Seis años después tuvo que volver a la provincia. Fue cuando su madre se enfermó gravemente. El retorno duró unos cinco años. y después volvió a Brasil. Pero ya nada era igual. Hace dos años, decidió instalarse otra vez -y para siempre- en Tucumán. En una antigua casona familiar decidió que era hora de cristalizar otro de sus viejos sueños: el de tener un vivero orgánico. Logró abrirlo en diciembre y ya se convirtió un éxito entre los vecinos de la avenida Saenz Peña al 600.

“Ni loco iba a volver a la abogacía. Eso no es vida. Ahora tengo mi empresa unipersonal, tengo mucho trabajo pero gané en calidad de vida. Es gratificante el labor con la tierra; sembrar, ver brotar. Para mí, es un masaje al alma. No estoy atado a los horarios, trato con gente relajada, estoy de jean y zapatillas todo el día. Para mí es una terapia. Disfruto mucho y nunca más tuve problemas de salud”, dice sentado en su terraza, donde prepara plantines aromáticos y medicinales. La felicidad se le nota en su sonrisa plena, en su andar pausado. Su nariz distingue como ninguna los distintos aromas que pueblan el fondo de su casa. Cuenta que aprendió los ciclos de las plantas, cómo curarlas cuando enferman, cómo hacer que crezcan fuertes.

“No me arrepiento de nada de lo que hice en mi vida”, confiesa Marcelo.
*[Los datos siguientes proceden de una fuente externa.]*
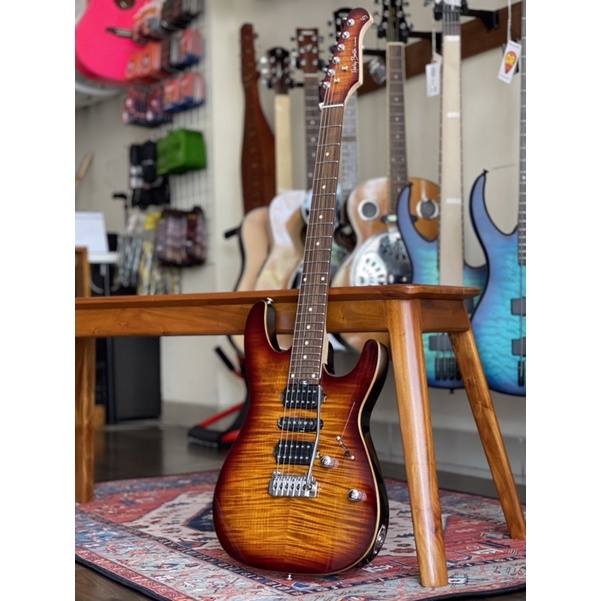 Gitar listrik Harley benton Pro series Wilkinson 50IIK 2-point tremolo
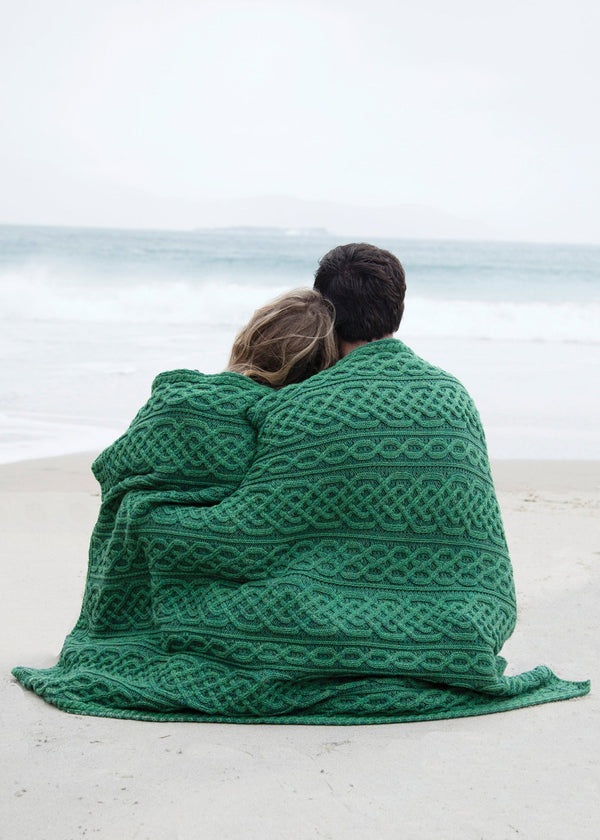 Aran Merino Blanket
El dejó de vivir pendiente del reloj. Y ese fue uno de sus grandes logros, dice. ¿Acaso alguien no sueña con eso, con ser dueño de su tiempo en una época en la que se ha vuelto un bien tan escaso? Quienes se animan -y pueden- renunciar a sus trabajos o a las horas extras aseguran que el tiempo se ha convertido uno de los mayores lujos de la vida moderna.
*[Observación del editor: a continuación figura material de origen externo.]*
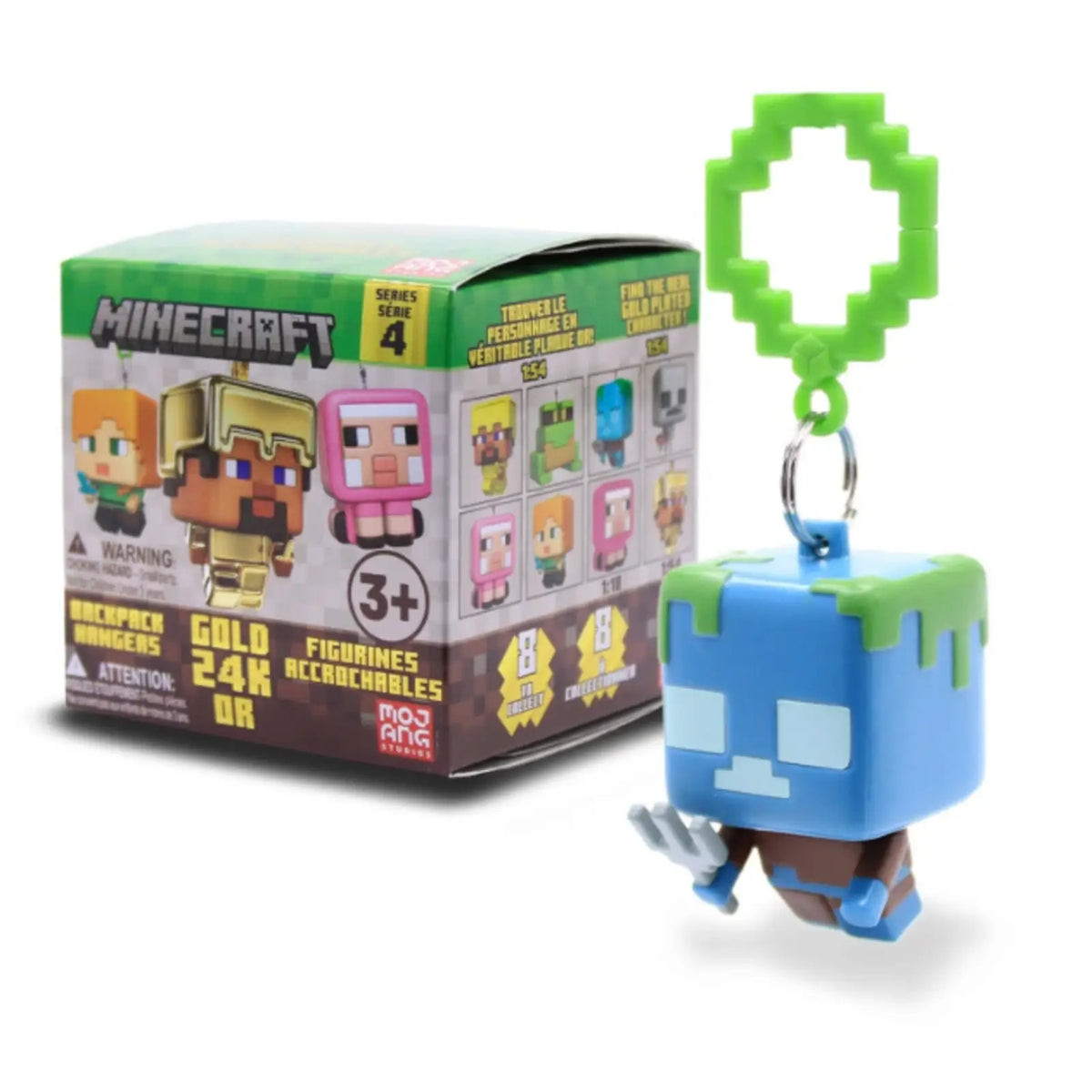 Minecraft Series 4 Backpack Hangers Blind Box (1 Random Figure supplied)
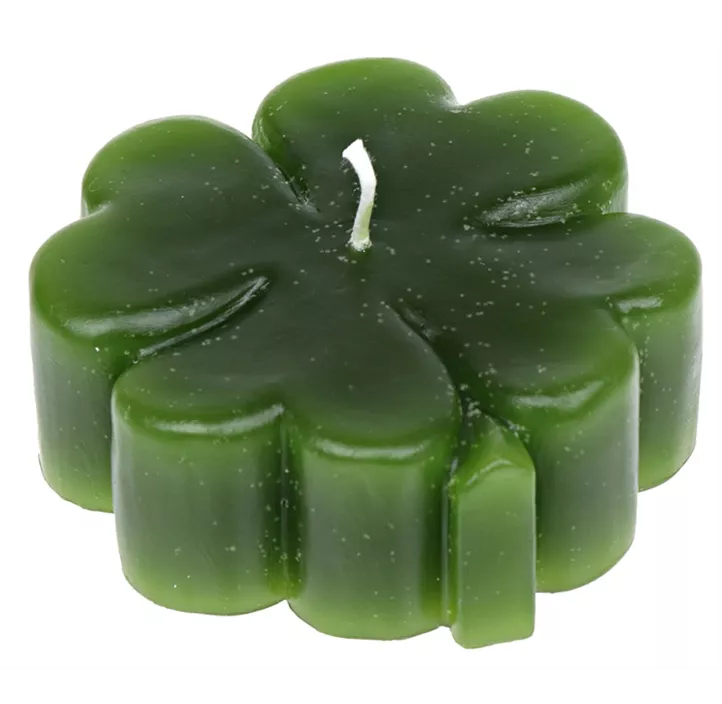 Figurenkerze Kleeblatt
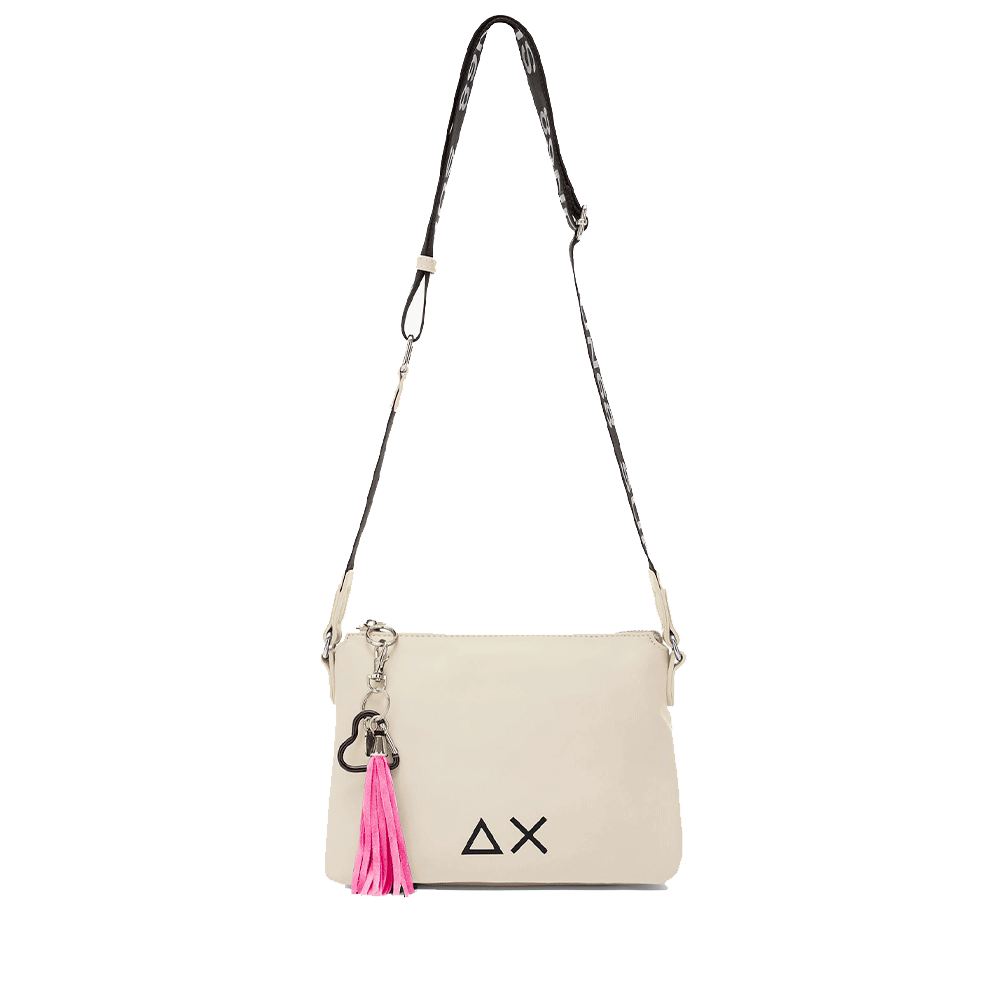 Borsa Donna a Tracolla SUN68 in Tessuto Ostrica - Z45263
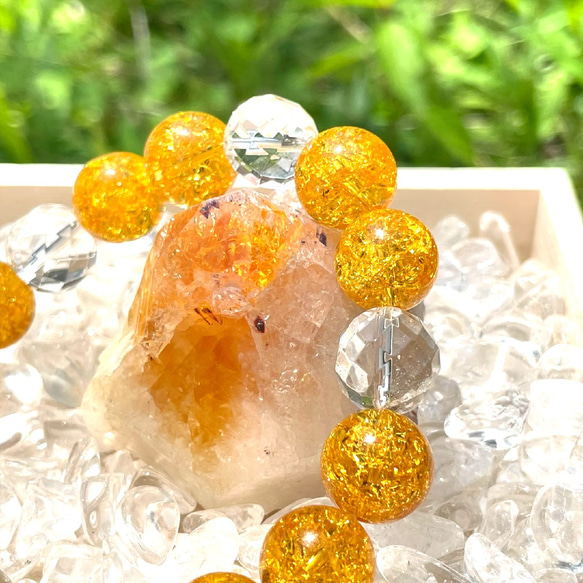 新たなチャレンジを応援する天然石ブレスレット♪ゴールドルチル×皇帝龍タイガーアイ×シトリンクラック＆カットオニキス・水晶 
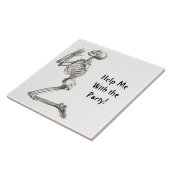 Skeleton Prahling Halloween Tile Fliese (Seite)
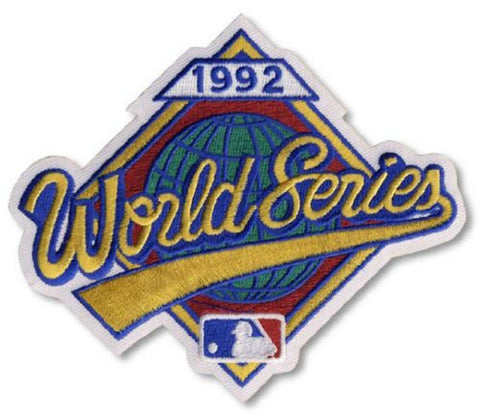 1992 MLB World Series Logo Patch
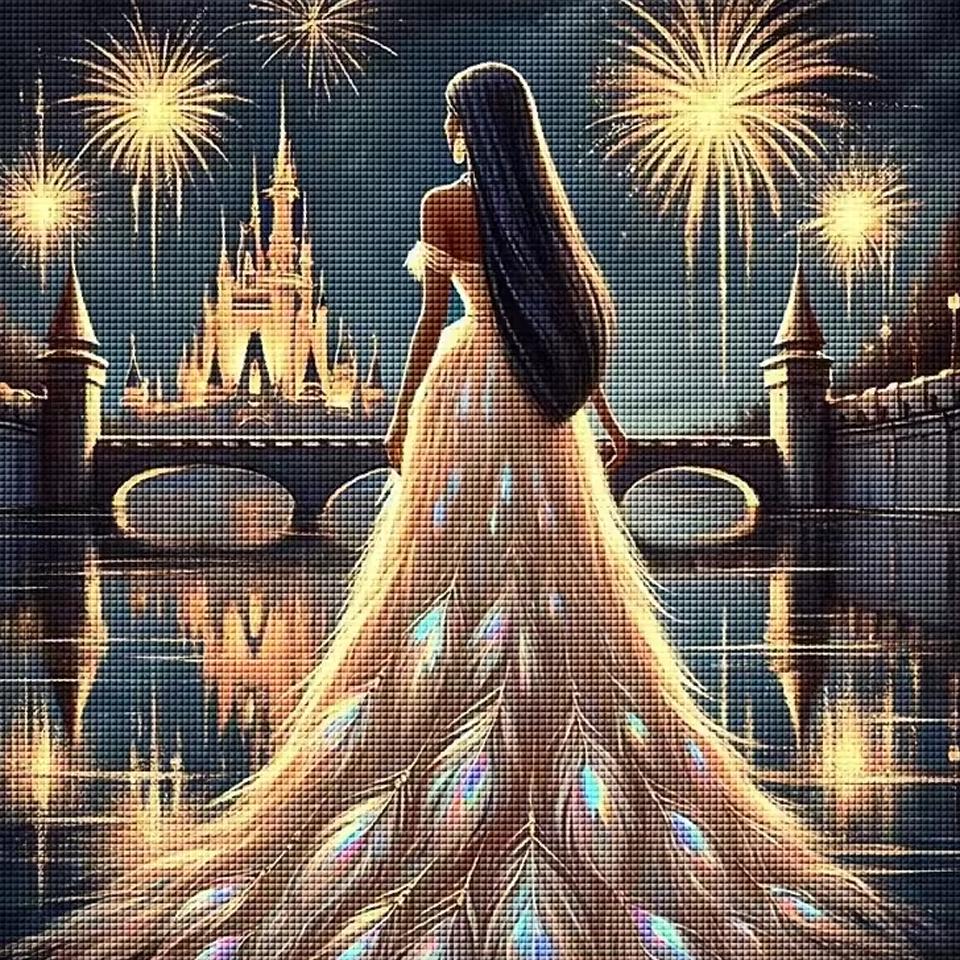 Disney Princesses Diamond Painting Kit 5D DIY Diamond Embroidery Cross Stitch Handmade Art Gift Crafts Home Decor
“Decidir qué hacer y cuándo es el mayor privilegio hoy en día”, sostiene la psicóloga Carmina Varela. Por eso, según explica, no se sorprende que cada vez más personas sientan la necesidad de preguntarse profundamente sobre los deseos, sobre lo no hecho, lo pendiente.

“Hoy están puestos en duda muchos valores y mandatos que antes eran incuestionables. Por ejemplo, antes era admirable una persona que sacrificaba todo por el trabajo. Hoy pensamos: ‘pobre’”, analiza la experta.

El equilibrio va ganando terreno y eso, según Varela, es muy bueno. “Mucha gente analiza que en la vida si uno usa mucha energía o esfuerzo en una sola área, las otras se empiezan a deteriorar. Si bien la mayoría no puede renunciar a todo y empezar de cero, está la idea de que se puede tener una vida responsable y a la vez libre. Tal vez gane menos plata o no alcance todos los logros que me había propuesto, pero la sensación interna de libertad compensa lo otro. Las personas que, por ejemplo, dejan las horas extras y empiezan a contar con más tiempo para ellas tienen más energía, elevan su autoestima y recuperan su salud psicofísica”, describe.

Para Verónica Ríos, contadora de una empresa regional, bajar a la mitad su carga horaria en el trabajo significó tener más tiempo y también más felicidad. “Esto es lujo. Tiene que ver con poder estar en paz con uno mismo, con poder llenar una vida que estaba vacía”, sostiene. Ella, al igual que Marcelo, saben ahora que en definitiva no sirve de mucho tener acceso a todo lo material si lo que falta es el tiempo y alegría para disfrutarlo.